En vous lisant, je me suis dit que nous pourrions mener un débat sans fin sur le pour et contre une institution comme la commémoration du 11 novembre.
Je suis né en 1961, en Allemagne. Mon grand-père est né dans l’Empire, mon père dans la République de Weimar – et il a grandi au 3ème Reich – quant à moi, je suis né en République Fédérale, et ma fille dans l’Allemagne réunifiée.
A chaque changement de génération, il y eut une autre, une nouvelle définition de la nation, du citoyen, du sujet, peut-être même de l’Homme pour certains. De plus, regardé de près, chaque changement de génération correspond à une crise, économique, politique, guerrière, une coupure nette.
De père en fils, nous avons souvent l’impression de provenir non pas d’horizons, mais de mondes si différents que seuls les comptes rendus historiques peuvent nous aider à bâtir des ponts. Ce qui est une approche quand même très pragmatique.
Pour moi, le 11 novembre a commencé à avoir une signification réelle quand je vivais en France. Je l’ai aperçu comme un élément parmi d’autres jouant un rôle important dans l’identité des Français, qui vivent dans un pays qui a connu infiniment plus de continuité que l’Allemagne.

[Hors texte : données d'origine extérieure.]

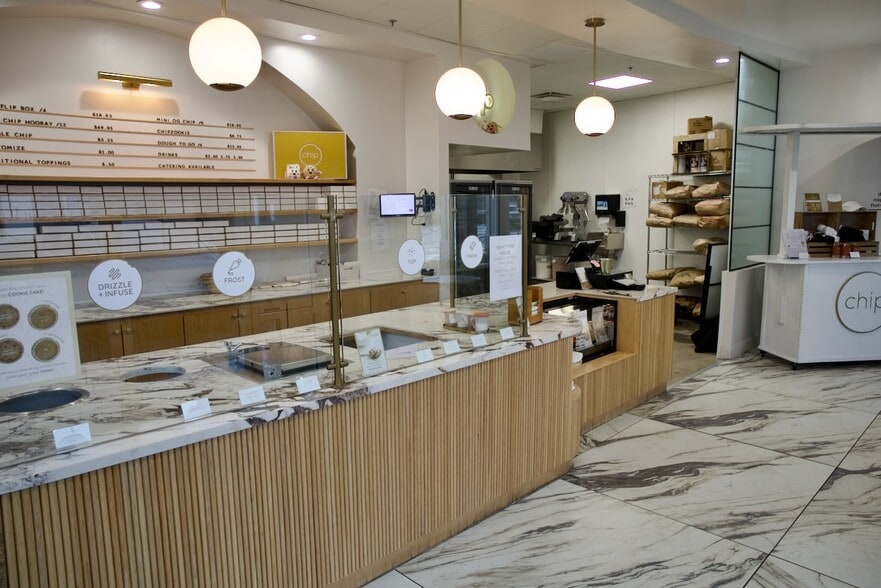 More Photos Of 25360-25366 Crenshaw Blvd, Torrance General Retail For Lease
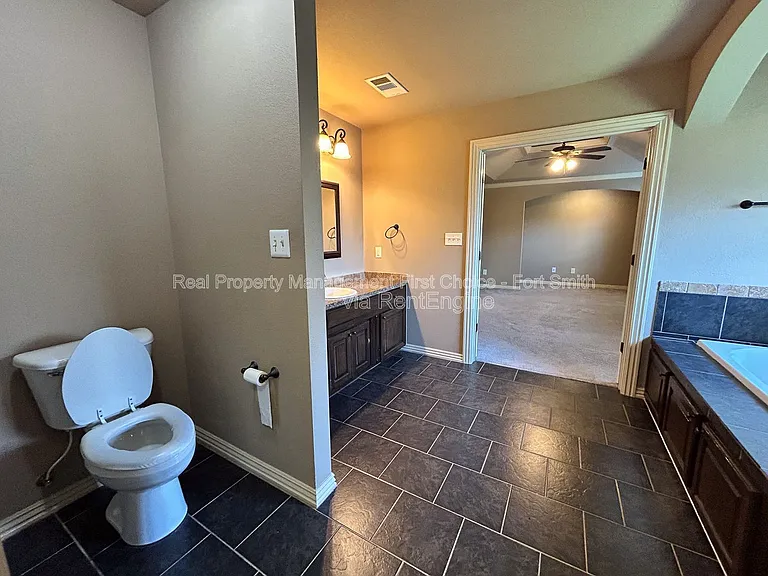 12200 Sycamore St — Photo 24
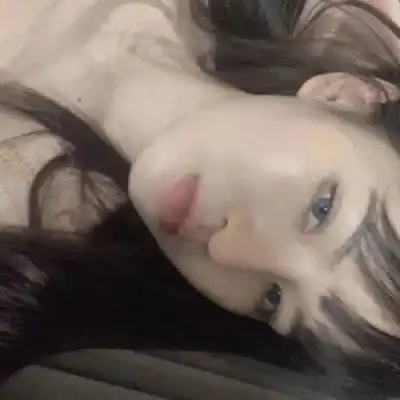 孤独伤感女头像俗不可耐的小青春
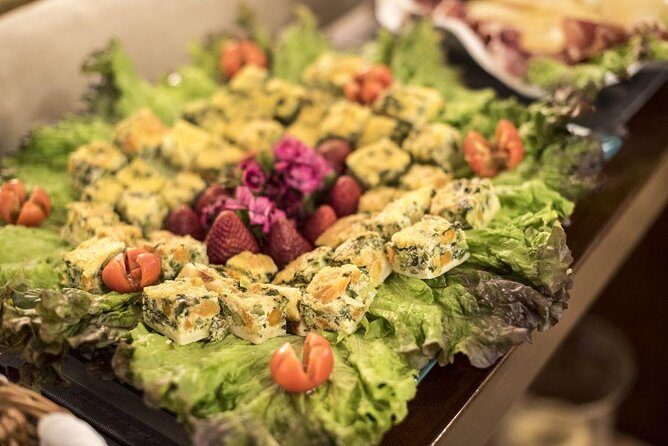 DINNER OR TAPAS in a Poruguese Home - The Starter Cheeseboard and Hams: Why This First Bite Matters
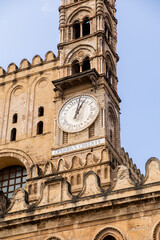 Obraz premium Clock face on a Palermo Cathedral tower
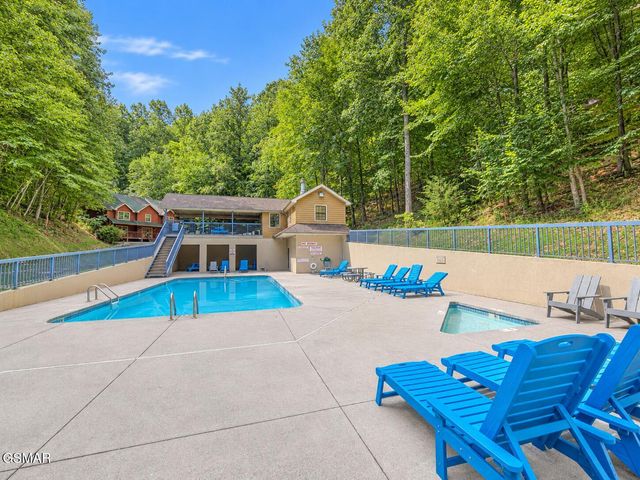 3521 Sand Ridge Way, Pigeon Forge, TN 37863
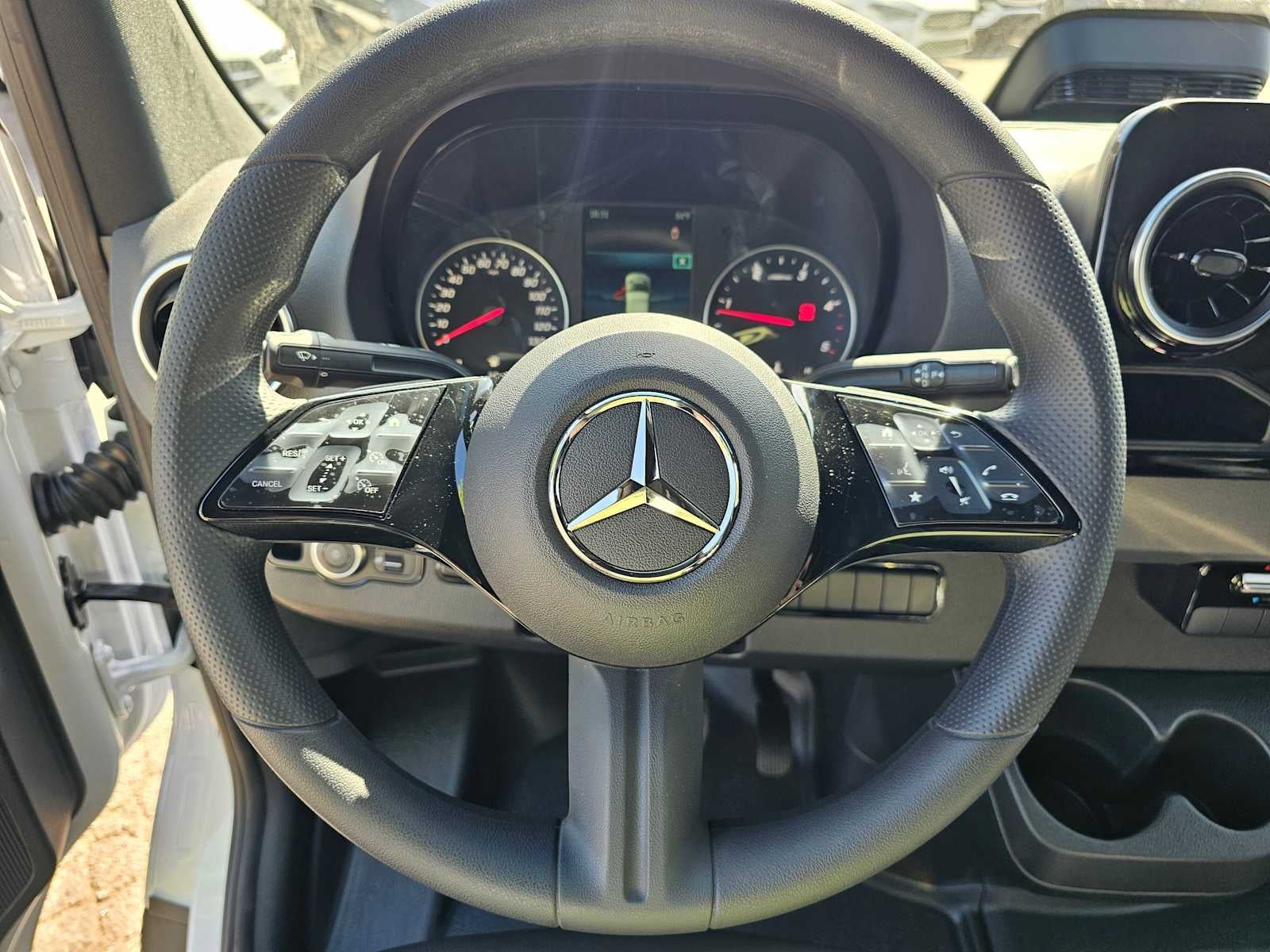 2025 Mercedes-Benz Sprinter 2500 High Roof I4 Diesel HO 170" RWD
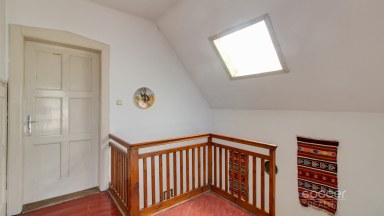 Pronájem staršího rodinného domu 4+1, pozemek 674 m2, ul. Dobšická, Praha – Horní Počernice.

Ce qui ne veut pas dire qu’une commémoration institutionnalisée ne peut être dépoussiérée, voire remise en question.
Pas impossible qu’un héritage d’un tout autre genre se manifeste aujourd’hui d’une manière inattendue. J’ai du mal à le croire, mais ne trouve pas cela absurde : le 11 novembre à 11 heures 11, les conseils des 11 fait démarrer la période du carnaval, censé renverser symboliquement l’ordre en place.
Le chiffre 11, elf, aurait son origine dans la Révolution Française et son idéal de l’Egalite-Liberté-Fraternité, ELF, à une époque où les citoyens étaient dépossédés de leurs droits. Les premiers conseils des onze se seraient formés à l’époque napoléonienne, comme une forme subtile de résistance à l’occupant, qui dictait un ordre à lui à un continent entier, et aux peuples qui y vivaient.
Napoléon n’est pas un héros pour les Allemands. Les perceptions des évènements, des personnes, des institutions sont différentes d’un pays, mais aussi d’une génération à l’autre.